Available data:
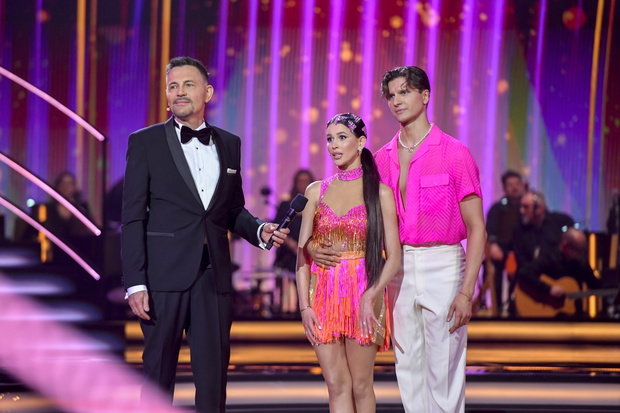 Michał Kassin, Roksana Węgiel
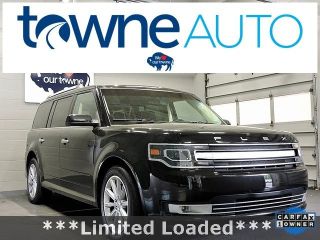Used 2014 Ford Flex Limited in Orchard Park, New York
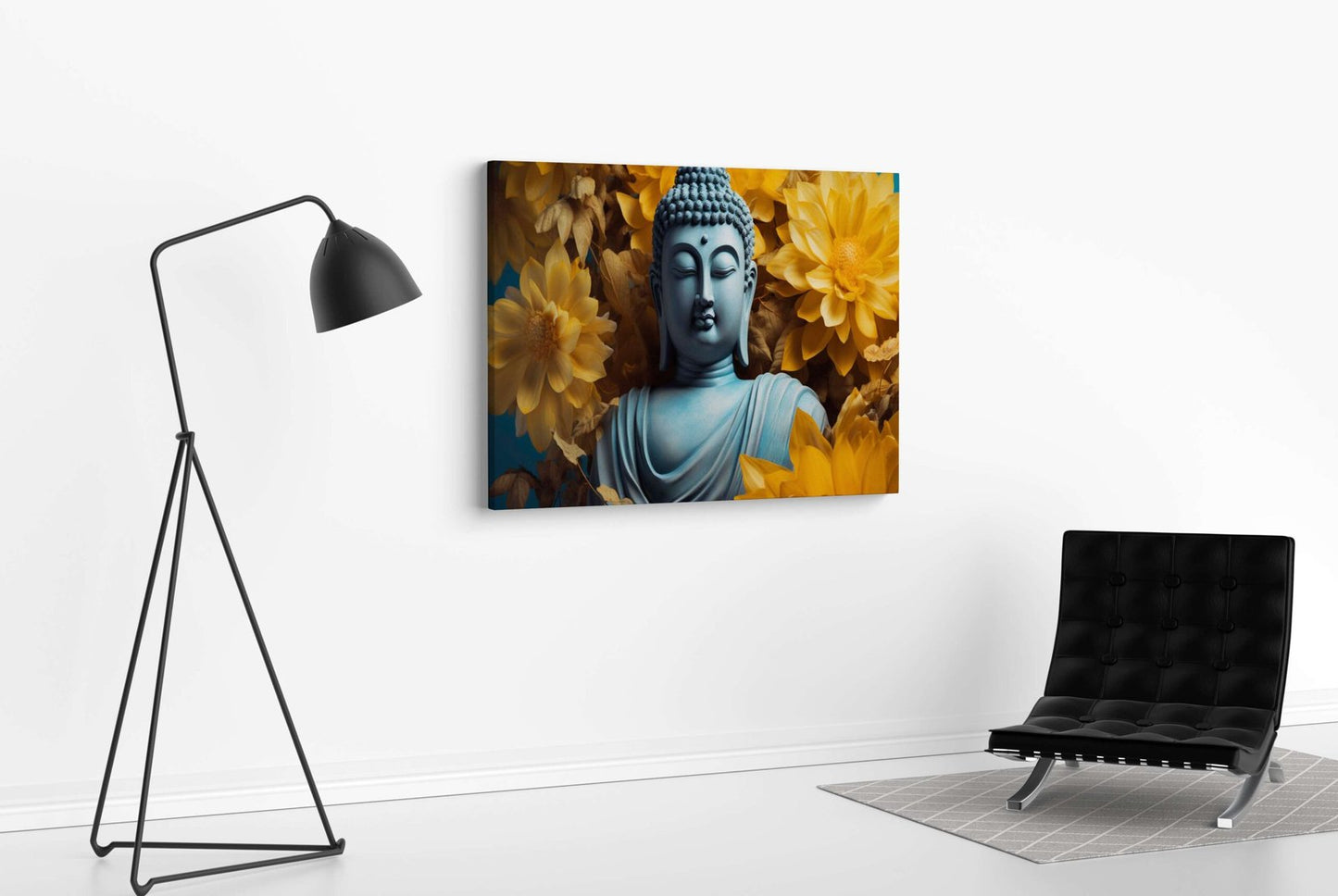 Canvas Paintings For Wall Decoration With Frame Canvas Painting For Living Room Bedroom Home Office & Hotels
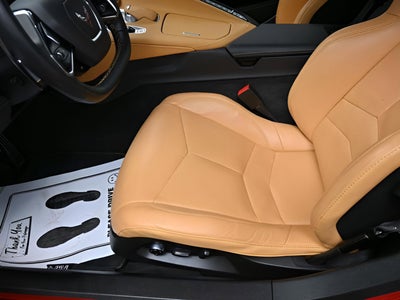 2022 Chevrolet Corvette Stingray 2LT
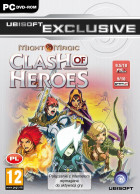 Might & Magic Clash of Heroes PL PC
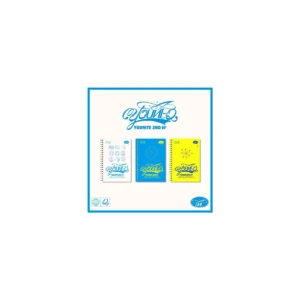 YOUNITE - 2nd EP YOUNI-Q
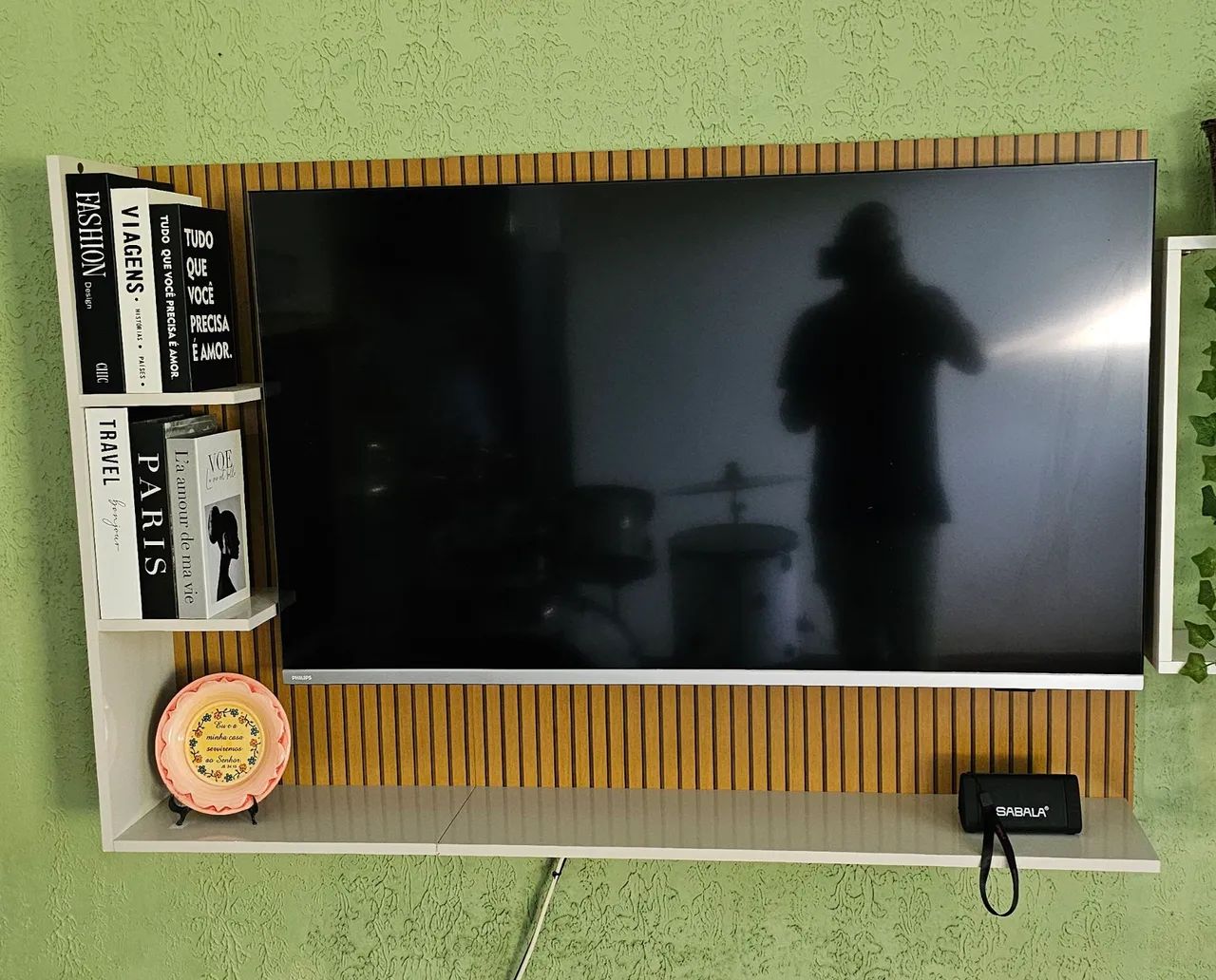 Painel para TV até 55 polegadas  - Foto 3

Exercise:
Copy all the records above exactly, but leave out the pictures.

Response for this exercise:
 Michał Kassin, Roksana Węgiel
Used 2014 Ford Flex Limited in Orchard Park, New York
 Canvas Paintings For Wall Decoration With Frame Canvas Painting For Living Room Bedroom Home Office & Hotels
 2022 Chevrolet Corvette Stingray 2LT
 Might & Magic Clash of Heroes PL PC
 YOUNITE - 2nd EP YOUNI-Q
 Painel para TV até 55 polegadas  - Foto 3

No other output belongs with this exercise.